● Work item
Work through the listing below and give again exactly the lines from the one with "Kožené Mobiwear flip" to the one with "Jujutsu Kaisen Anime", both ends included. All other lines and all pictures stay out.

● Recorded information

::::::::

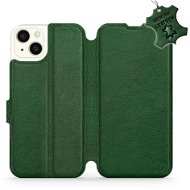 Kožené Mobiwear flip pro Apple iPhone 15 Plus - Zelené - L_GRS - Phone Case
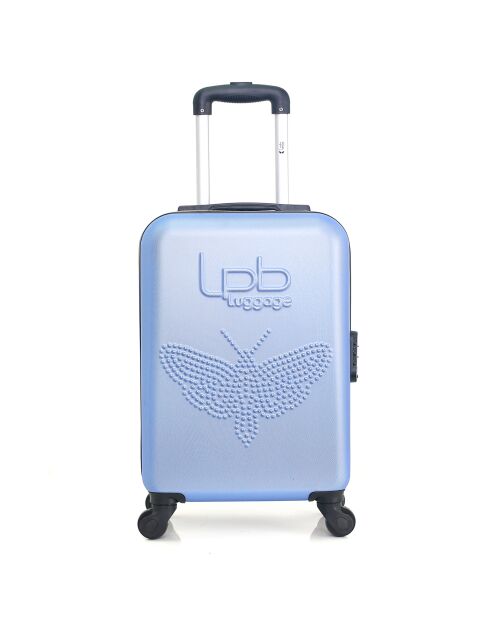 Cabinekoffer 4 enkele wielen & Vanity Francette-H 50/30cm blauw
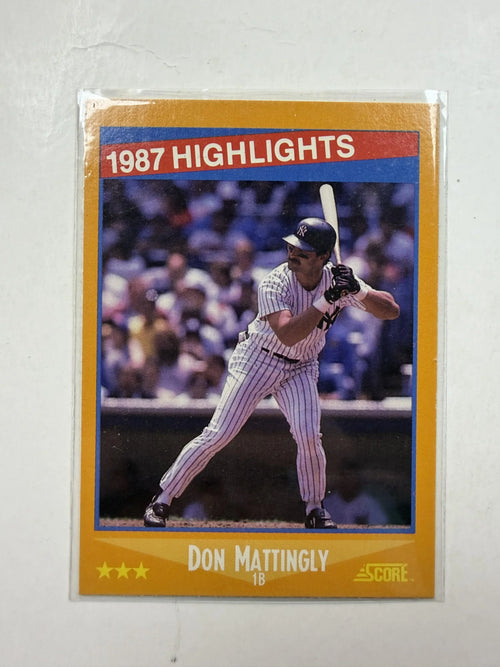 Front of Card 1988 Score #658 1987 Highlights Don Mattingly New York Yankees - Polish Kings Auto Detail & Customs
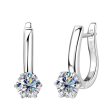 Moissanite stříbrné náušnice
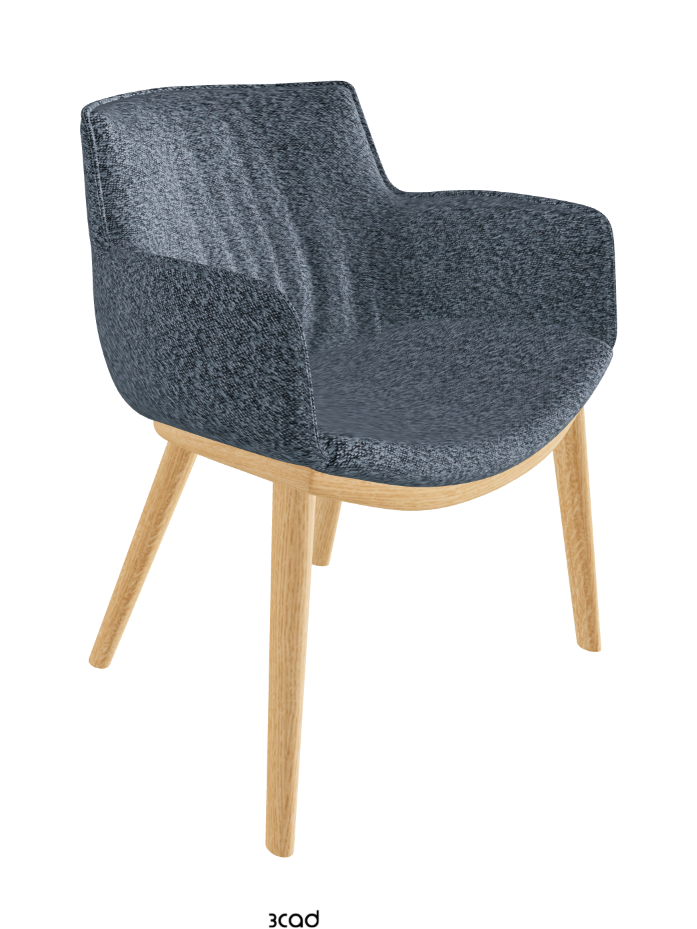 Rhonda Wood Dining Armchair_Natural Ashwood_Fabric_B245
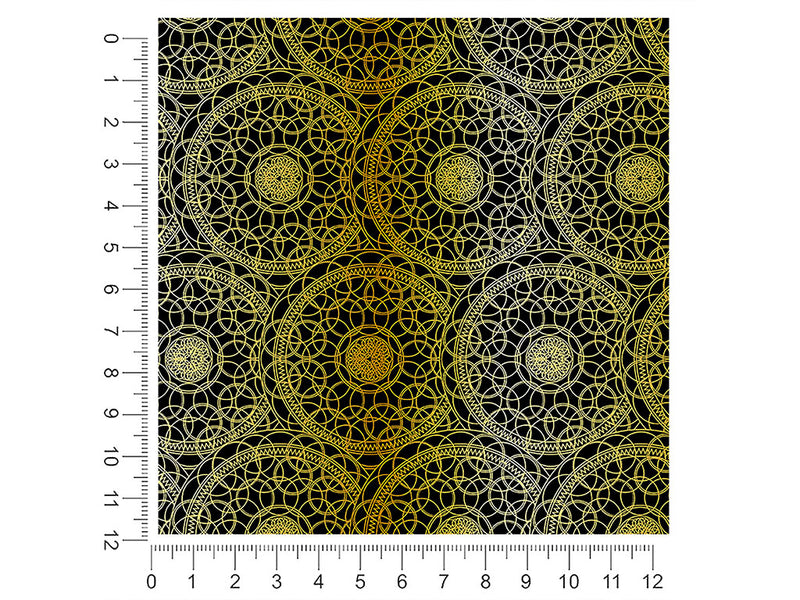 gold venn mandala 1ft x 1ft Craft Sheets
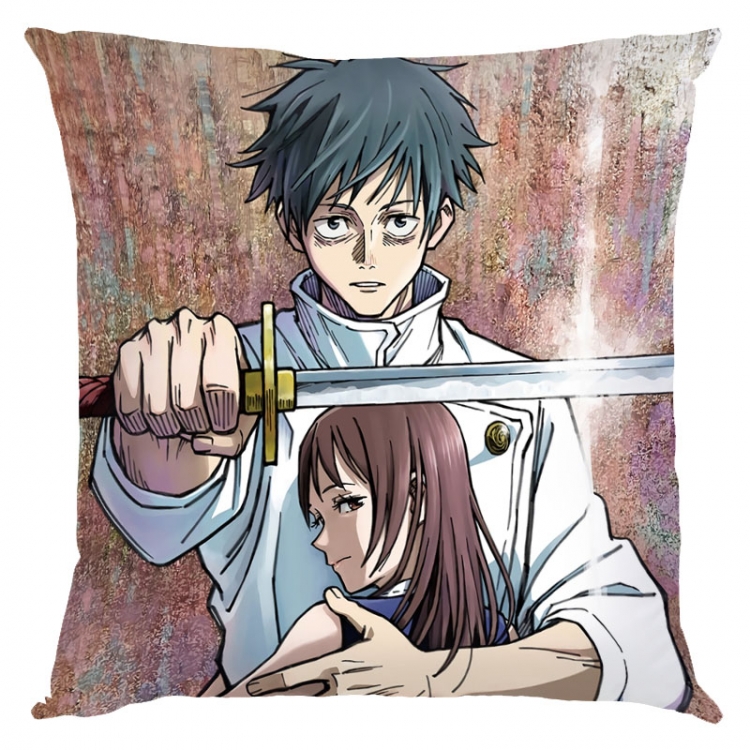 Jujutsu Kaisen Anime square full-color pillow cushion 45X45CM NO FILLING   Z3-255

::::::::

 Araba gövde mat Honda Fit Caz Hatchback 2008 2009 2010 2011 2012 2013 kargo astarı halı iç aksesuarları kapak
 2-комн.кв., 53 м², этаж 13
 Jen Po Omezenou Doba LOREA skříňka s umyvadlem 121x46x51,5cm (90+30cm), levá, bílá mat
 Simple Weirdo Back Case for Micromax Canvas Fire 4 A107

::::::::

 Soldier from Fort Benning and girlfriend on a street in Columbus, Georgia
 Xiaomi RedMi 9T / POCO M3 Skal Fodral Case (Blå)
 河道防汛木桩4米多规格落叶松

::::::::

● Answer section
 Kožené Mobiwear flip pro Apple iPhone 15 Plus - Zelené - L_GRS - Phone Case
 Cabinekoffer 4 enkele wielen & Vanity Francette-H 50/30cm blauw
 Front of Card 1988 Score #658 1987 Highlights Don Mattingly New York Yankees - Polish Kings Auto Detail & Customs
 Moissanite stříbrné náušnice
 Rhonda Wood Dining Armchair_Natural Ashwood_Fabric_B245
 gold venn mandala 1ft x 1ft Craft Sheets
 Jujutsu Kaisen Anime square full-color pillow cushion 45X45CM NO FILLING   Z3-255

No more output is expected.